Theo. Kolloquium:Control of Quantum Engineered Systems with Limited Resources
Wann
Montag, 2. Dezember 2019
13:30 bis 15 Uhr
Wo
P 603
Veranstaltet von
Der Fachbereichssprecher Physik
Vortragende Person/Vortragende Personen:
Dr. Hugo Ribeiro, Max Planck Institute for the Science of Light, Erlangen
Any approach to control a quantum system requires applying time-dependent control fields such that the corresponding time-dependent Hamiltonian generates the desired unitary evolution. Regardless of the setting, the generated evolution has two defining features: it must be robust against small imperfections in the amplitude, duration and phase of control pulses, and it must be fast. Unfortunately, typical approaches to generate a desired quantum evolution optimize only one of these two defining characteristics. Schemes based on quantum adiabatic evolution are typically extremely robust against parameter variations, but suffer from extremely long protocol times. In contrast, more conventional non-adiabatic approaches can be extremely fast (approaching the quantum speed limit), but require precise tuning of control pulses. In a typical experimental setting, neither approach is fully optimal, as both speed and robustness are important characteristics.
Moreover, even if one could generate a fast and robust quantum evolution, it would not necessarily mean that one generates the desired quantum evolution. The problem of coherent errors, where the quantum evolution is corrupted by populating spurious states (leakage error) or accumulates the wrong phase (phase error), is generic to a variety of situations.

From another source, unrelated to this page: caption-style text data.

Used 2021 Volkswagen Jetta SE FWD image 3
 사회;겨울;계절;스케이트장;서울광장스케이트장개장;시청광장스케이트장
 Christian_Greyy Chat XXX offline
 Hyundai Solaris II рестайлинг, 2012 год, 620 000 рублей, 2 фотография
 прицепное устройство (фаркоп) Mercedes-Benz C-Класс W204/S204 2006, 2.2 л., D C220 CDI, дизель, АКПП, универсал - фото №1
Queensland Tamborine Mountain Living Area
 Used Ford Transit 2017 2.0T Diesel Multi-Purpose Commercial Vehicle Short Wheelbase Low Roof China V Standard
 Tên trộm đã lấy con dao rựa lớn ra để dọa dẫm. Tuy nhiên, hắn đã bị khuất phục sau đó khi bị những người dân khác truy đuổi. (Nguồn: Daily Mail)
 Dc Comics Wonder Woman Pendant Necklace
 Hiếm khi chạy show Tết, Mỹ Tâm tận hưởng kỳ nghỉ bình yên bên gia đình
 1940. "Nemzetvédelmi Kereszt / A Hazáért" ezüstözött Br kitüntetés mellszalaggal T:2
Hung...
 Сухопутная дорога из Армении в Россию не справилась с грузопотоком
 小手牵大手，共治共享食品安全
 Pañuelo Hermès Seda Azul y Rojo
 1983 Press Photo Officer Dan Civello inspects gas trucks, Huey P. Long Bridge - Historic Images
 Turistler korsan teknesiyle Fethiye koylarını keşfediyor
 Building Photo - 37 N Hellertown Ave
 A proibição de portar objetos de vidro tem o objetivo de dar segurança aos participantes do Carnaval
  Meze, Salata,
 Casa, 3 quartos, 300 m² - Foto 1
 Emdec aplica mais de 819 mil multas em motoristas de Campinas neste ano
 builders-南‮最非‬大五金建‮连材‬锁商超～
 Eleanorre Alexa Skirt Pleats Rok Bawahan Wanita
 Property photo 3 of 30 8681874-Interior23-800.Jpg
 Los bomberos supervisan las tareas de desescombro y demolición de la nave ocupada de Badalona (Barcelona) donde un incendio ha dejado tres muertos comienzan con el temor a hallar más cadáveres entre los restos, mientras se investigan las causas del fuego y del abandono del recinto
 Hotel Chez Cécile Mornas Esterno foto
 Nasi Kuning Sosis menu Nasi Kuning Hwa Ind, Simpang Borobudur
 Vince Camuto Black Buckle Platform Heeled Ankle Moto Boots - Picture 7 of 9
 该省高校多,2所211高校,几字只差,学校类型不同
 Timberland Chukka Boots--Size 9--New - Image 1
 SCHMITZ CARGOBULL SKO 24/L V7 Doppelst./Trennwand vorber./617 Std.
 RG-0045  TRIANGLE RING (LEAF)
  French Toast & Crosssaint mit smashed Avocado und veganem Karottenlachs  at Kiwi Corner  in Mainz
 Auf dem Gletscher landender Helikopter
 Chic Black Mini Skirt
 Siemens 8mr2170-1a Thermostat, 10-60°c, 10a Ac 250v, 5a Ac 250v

The most prominent example is the problem of high-fidelity qubit gates. Most physical implementations of qubits are multi-level systems, with two levels or more chosen to encode the logical states of the qubit. As a result, control sequences designed to implement a given unitary evolution can give rise to both leakage and phase errors.
I will present some of the methods put forward to generate a desired evolution and discuss their application to state-of-the-art quantum systems.